- Problem to solve
Starting at the line that contains "UNIT 6 - 40", transcribe every remaining line of the entries exactly, including the last one.
★ ★ ★
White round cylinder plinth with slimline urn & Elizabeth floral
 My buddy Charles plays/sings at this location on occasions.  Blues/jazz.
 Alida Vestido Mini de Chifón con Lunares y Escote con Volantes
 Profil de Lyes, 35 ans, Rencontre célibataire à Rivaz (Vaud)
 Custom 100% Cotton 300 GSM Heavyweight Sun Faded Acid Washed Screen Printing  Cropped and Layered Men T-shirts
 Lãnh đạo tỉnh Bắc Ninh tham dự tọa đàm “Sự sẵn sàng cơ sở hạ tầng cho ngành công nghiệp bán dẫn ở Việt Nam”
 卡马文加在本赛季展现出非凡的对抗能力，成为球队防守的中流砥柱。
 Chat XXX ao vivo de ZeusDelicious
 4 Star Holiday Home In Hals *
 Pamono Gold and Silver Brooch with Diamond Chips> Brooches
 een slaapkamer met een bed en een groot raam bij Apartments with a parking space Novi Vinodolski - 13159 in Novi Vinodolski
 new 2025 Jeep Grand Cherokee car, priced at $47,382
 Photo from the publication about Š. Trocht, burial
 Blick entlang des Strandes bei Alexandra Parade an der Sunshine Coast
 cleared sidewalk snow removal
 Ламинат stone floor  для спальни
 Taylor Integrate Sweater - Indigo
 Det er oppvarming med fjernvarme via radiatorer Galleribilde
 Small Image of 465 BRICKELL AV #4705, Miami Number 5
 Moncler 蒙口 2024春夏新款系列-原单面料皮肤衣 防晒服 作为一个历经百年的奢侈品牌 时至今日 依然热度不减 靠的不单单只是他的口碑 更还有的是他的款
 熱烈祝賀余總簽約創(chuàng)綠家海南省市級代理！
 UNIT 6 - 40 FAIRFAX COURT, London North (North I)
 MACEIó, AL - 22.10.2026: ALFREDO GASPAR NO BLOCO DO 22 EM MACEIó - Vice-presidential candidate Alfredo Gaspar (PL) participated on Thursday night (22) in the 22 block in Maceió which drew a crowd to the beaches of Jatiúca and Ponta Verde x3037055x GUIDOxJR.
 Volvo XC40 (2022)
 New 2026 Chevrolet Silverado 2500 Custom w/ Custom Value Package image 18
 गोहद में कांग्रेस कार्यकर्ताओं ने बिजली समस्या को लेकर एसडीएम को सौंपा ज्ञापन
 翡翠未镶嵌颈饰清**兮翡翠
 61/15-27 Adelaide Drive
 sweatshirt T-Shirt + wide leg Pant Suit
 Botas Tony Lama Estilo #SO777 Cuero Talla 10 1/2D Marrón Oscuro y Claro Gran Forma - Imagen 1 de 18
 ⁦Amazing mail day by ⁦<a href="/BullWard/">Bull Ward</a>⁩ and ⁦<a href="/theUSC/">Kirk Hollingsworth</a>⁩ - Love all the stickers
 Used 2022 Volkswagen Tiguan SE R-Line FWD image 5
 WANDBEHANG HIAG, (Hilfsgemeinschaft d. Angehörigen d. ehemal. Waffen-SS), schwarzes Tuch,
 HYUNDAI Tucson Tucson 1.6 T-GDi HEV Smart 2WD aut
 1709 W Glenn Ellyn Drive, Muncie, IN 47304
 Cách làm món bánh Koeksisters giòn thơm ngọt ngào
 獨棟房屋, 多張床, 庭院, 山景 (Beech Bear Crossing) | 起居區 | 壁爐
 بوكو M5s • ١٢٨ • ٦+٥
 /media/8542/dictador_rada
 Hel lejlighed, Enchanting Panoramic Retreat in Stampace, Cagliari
★ ★ ★
- Task output
 UNIT 6 - 40 FAIRFAX COURT, London North (North I)
 MACEIó, AL - 22.10.2026: ALFREDO GASPAR NO BLOCO DO 22 EM MACEIó - Vice-presidential candidate Alfredo Gaspar (PL) participated on Thursday night (22) in the 22 block in Maceió which drew a crowd to the beaches of Jatiúca and Ponta Verde x3037055x GUIDOxJR.
 Volvo XC40 (2022)
 New 2026 Chevrolet Silverado 2500 Custom w/ Custom Value Package image 18
 गोहद में कांग्रेस कार्यकर्ताओं ने बिजली समस्या को लेकर एसडीएम को सौंपा ज्ञापन
 翡翠未镶嵌颈饰清**兮翡翠
 61/15-27 Adelaide Drive
 sweatshirt T-Shirt + wide leg Pant Suit
 Botas Tony Lama Estilo #SO777 Cuero Talla 10 1/2D Marrón Oscuro y Claro Gran Forma - Imagen 1 de 18
 ⁦Amazing mail day by ⁦<a href="/BullWard/">Bull Ward</a>⁩ and ⁦<a href="/theUSC/">Kirk Hollingsworth</a>⁩ - Love all the stickers
 Used 2022 Volkswagen Tiguan SE R-Line FWD image 5
 WANDBEHANG HIAG, (Hilfsgemeinschaft d. Angehörigen d. ehemal. Waffen-SS), schwarzes Tuch,
 HYUNDAI Tucson Tucson 1.6 T-GDi HEV Smart 2WD aut
 1709 W Glenn Ellyn Drive, Muncie, IN 47304
 Cách làm món bánh Koeksisters giòn thơm ngọt ngào
 獨棟房屋, 多張床, 庭院, 山景 (Beech Bear Crossing) | 起居區 | 壁爐
 بوكو M5s • ١٢٨ • ٦+٥
 /media/8542/dictador_rada
 Hel lejlighed, Enchanting Panoramic Retreat in Stampace, Cagliari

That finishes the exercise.